Additionally, these are more fundamental in the sense that most bit-oriented formats will still usually require some sort of byte-oriented packaging format (such as using a TLV format to hold things like headers and similar).
Additional issues to consider:
- Flexibly representing data structures and allowing for future expansion;
- Allowing for seeking or resynchronization in stream oriented formats;
- Allowing for things like random access to (potentially compressed) data.
Variable Length Numbers
One simple trick for saving bytes is based on a pattern:
Small numbers tend to be more common than big numbers.
So, rather than always using 2, 4, or 8 bytes for a number, it may instead be practical to use less bits when it is practical to do so.
A fairly common scheme is to have small values represented as a single byte, with the high-order bit(s) used to indicate when the value is larger than a single byte.
For Example:
0-127 -> 0xxxxxx
128-16383 -> 10xxxxxx xxxxxxxx
16384-2M -> 110xxxxx xxxxxxxx xxxxxxxx
...
Another variant is using the high bit in each byte to indicate that the following byte contains more bits:
0-127 -> 0xxxxxxx
128-16383 -> 1xxxxxxx 0xxxxxxx
16384-2M -> 1xxxxxxx 1xxxxxxx 0xxxxxxx
...
With it then being specified whether the bytes come in high-low or low-high order.
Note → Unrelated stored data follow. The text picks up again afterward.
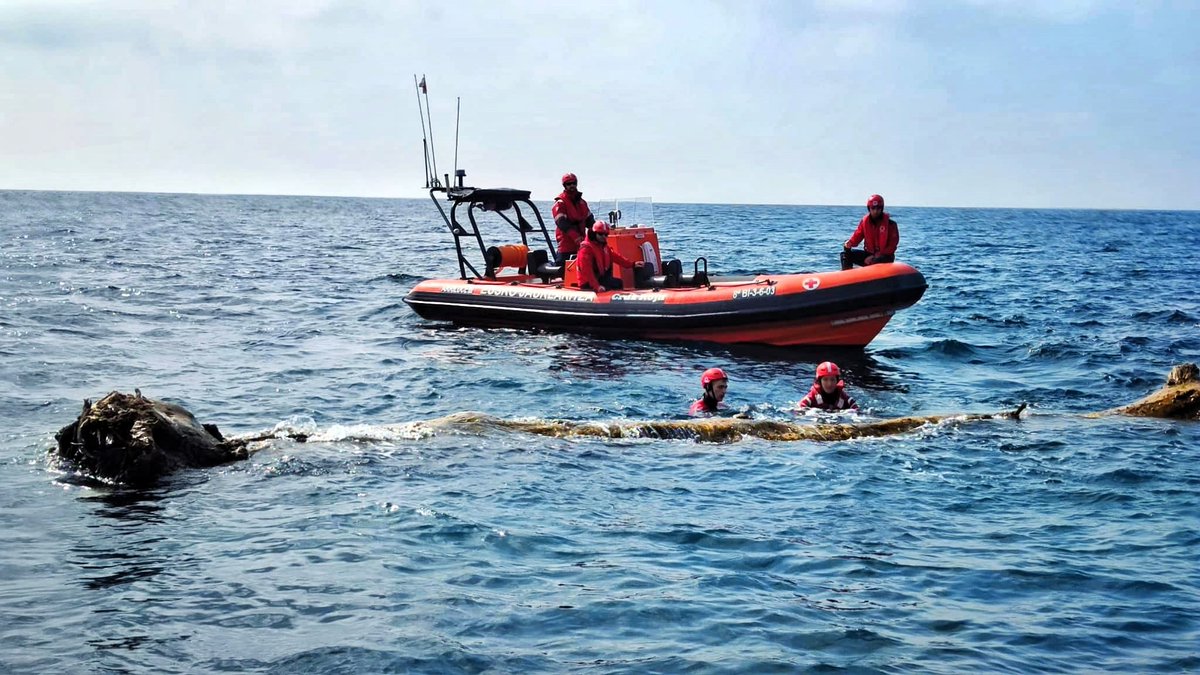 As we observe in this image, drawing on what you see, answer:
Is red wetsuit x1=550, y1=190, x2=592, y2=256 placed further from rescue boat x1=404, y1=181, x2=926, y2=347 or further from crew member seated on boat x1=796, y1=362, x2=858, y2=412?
crew member seated on boat x1=796, y1=362, x2=858, y2=412

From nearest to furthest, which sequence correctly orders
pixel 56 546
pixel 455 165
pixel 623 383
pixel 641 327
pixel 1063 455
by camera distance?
1. pixel 56 546
2. pixel 1063 455
3. pixel 623 383
4. pixel 641 327
5. pixel 455 165

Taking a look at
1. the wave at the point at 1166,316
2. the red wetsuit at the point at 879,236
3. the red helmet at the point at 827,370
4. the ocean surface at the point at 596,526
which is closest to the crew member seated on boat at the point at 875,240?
the red wetsuit at the point at 879,236

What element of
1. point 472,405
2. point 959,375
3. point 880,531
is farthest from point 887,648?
point 959,375

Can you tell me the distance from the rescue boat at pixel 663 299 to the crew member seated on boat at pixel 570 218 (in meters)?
0.34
The advantage of the former scheme is that the size of the value can be seen directly from the first byte, which can be used for a more efficient decoder, though with the tradeoff that the encoding/decoding logic tends to be more complex.
The advantage of the second is that the decoding logic is fairly simple, for example:
i=ReadByte(); val=0;
while(i&0x80)
{
val=(val<<7)|(i&0x7F);
i=ReadByte();
}
val=(val<<7)|i;
Usually, the encoding logic is a little more involved though, but the level of complexity is typically "fairly similar" with either strategy (usually an if/else tree or a match/encode loop).
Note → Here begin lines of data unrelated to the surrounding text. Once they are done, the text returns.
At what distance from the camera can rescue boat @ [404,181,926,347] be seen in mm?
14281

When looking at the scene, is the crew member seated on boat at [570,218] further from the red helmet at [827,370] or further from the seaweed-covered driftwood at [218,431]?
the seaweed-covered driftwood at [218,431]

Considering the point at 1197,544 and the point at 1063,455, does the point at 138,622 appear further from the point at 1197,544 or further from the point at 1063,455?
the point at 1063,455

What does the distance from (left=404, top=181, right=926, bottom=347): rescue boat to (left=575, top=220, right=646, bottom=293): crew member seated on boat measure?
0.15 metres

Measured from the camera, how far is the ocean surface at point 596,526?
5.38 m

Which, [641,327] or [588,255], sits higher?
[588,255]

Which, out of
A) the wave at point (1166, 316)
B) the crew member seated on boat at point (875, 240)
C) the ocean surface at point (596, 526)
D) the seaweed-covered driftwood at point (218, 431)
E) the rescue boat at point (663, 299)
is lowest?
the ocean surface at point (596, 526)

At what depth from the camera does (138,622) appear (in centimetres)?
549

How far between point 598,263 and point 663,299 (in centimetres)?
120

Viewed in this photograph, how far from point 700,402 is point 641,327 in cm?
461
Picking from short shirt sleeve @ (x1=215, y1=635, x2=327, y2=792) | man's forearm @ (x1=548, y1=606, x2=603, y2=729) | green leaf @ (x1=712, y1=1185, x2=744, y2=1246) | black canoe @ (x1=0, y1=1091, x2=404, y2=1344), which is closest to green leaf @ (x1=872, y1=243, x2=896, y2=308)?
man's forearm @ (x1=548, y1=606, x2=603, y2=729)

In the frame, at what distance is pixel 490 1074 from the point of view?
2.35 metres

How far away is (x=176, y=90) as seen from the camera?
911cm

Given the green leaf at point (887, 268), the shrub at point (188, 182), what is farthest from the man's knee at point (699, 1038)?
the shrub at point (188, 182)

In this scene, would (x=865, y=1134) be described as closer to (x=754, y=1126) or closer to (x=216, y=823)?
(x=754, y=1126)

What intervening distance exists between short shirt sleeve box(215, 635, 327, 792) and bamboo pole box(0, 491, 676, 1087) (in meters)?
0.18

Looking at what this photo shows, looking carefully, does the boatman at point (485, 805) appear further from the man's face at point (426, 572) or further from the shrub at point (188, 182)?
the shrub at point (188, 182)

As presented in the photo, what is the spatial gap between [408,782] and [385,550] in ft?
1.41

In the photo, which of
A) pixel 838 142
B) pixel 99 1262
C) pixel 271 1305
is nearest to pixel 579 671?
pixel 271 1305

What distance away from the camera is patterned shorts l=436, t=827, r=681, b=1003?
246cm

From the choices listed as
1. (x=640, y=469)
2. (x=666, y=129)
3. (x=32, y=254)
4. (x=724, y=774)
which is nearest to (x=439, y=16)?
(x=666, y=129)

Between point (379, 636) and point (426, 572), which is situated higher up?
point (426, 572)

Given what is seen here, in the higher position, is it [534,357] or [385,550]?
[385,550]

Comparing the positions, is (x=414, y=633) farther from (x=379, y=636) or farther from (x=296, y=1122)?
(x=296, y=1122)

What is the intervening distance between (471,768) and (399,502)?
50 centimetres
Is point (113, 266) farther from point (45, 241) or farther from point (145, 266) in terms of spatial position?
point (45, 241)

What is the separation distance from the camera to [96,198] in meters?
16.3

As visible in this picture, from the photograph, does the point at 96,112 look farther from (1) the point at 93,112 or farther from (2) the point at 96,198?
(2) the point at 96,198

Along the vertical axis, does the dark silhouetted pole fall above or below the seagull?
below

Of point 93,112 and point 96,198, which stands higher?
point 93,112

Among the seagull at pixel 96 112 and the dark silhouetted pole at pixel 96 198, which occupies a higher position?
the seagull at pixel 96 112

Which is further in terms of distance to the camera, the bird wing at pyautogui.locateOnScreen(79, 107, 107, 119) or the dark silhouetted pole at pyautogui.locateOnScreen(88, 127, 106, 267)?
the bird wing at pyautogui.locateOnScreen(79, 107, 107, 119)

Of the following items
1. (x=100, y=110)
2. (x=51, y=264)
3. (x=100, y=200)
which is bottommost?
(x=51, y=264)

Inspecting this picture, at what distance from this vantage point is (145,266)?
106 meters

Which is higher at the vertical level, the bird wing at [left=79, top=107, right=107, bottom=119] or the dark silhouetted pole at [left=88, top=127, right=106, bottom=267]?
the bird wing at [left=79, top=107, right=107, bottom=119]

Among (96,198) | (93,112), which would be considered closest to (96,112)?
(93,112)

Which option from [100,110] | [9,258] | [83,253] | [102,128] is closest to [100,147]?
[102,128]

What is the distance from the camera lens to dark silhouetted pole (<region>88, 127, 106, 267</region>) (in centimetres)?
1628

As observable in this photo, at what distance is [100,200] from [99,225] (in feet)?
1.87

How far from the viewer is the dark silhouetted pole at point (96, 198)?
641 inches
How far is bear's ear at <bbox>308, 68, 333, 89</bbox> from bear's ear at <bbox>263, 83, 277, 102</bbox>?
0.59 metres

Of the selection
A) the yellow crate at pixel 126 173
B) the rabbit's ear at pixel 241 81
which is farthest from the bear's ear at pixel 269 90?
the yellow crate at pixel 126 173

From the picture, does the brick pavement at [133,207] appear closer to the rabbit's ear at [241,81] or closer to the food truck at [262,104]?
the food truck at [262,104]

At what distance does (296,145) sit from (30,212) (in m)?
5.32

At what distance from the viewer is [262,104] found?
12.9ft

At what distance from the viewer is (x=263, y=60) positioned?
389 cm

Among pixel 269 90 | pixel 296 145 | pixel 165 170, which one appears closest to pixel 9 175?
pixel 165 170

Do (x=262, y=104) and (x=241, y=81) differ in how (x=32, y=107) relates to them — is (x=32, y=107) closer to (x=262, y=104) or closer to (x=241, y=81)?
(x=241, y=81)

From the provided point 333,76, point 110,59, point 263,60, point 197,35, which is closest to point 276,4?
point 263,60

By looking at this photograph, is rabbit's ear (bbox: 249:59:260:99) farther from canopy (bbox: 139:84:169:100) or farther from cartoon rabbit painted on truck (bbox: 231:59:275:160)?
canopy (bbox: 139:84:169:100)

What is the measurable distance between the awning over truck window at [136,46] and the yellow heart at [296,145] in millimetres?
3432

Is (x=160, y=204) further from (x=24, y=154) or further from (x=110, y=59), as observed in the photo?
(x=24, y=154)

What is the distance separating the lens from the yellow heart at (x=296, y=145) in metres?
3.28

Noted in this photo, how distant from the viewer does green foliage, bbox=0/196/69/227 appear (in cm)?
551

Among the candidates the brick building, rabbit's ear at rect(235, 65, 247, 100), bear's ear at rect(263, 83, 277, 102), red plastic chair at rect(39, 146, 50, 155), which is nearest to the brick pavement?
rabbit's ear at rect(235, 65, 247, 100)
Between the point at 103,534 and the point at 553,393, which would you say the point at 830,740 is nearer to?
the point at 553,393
Another issue is how to best handle encoding signed numbers.
Typically, a few common options here are:
Sign-extending the most significant bit of the number;
Folding the sign into the least significant bit.
Sign extension has an advantage in that it allows for small positive signed and unsigned numbers to look equivalent, but requires the sign issue to be dealt with directly when encoding and decoding the numbers. This may in turn lead to a bit more logic in the case where both signed and unsigned variations are needed (since the logic for encoding and decoding the numbers may need to be repeated for each variation), or less efficient encoding if we simply encode all unsigned numbers as if they were signed (you may only be able to encode 0-63 in a single byte, regardless of whether the value represents a signed or unsigned quantity).
Sign folding has the advantage that it allows reusing the same number encoding/decoding logic for both signed and unsigned numbers by mapping all signed integers to unsigned equivalents. For example, we may map things such that the unsigned quantities map to signed quantities as:
0, -1, 1, -2, 2, -3, 3, ...
This may be done fairly straightforwardly:
//to encode:
uval=(sval>=0)?(sval<<1):(((-sval)<<1)-1);
//to decode:
sval=(uval&1)?(-((uval+1)>>1)):(uval>>1);
//or, expressed alternatively:
if(sval>=0) { uval=sval<<1; } else { uval=((-sval)<<1)-1; }
if(uval&1) { sval=-((uval+1)>>1); } else { sval=uval>>1; }
The downside is, granted, that signed and unsigned quantities naturally have different representations.
A few downsides of variable length numbers is that typically they are slightly more expensive to encode and decode, as well as their value generally needs to be known before they are encoded, as they are less subject to the strategy of emitting a placeholder and patching the value later, which will typically require leaving a space for the largest possible, or reasonable, value.
Packing more values into less bytes
This is basically using one or more of these techniques:
Using different bits within a byte or number to represent different values;
Assigning special meanings to various value-ranges, and switching to alternate representations based on these value ranges;
Optionally including or omitting things based on flags or value-ranges.
A very simple and common example of this sort of thing is a "flags" field, where different bits are assigned meanings, and may be set or cleared, or potentially small multi-bit fields are encoded within a flags field.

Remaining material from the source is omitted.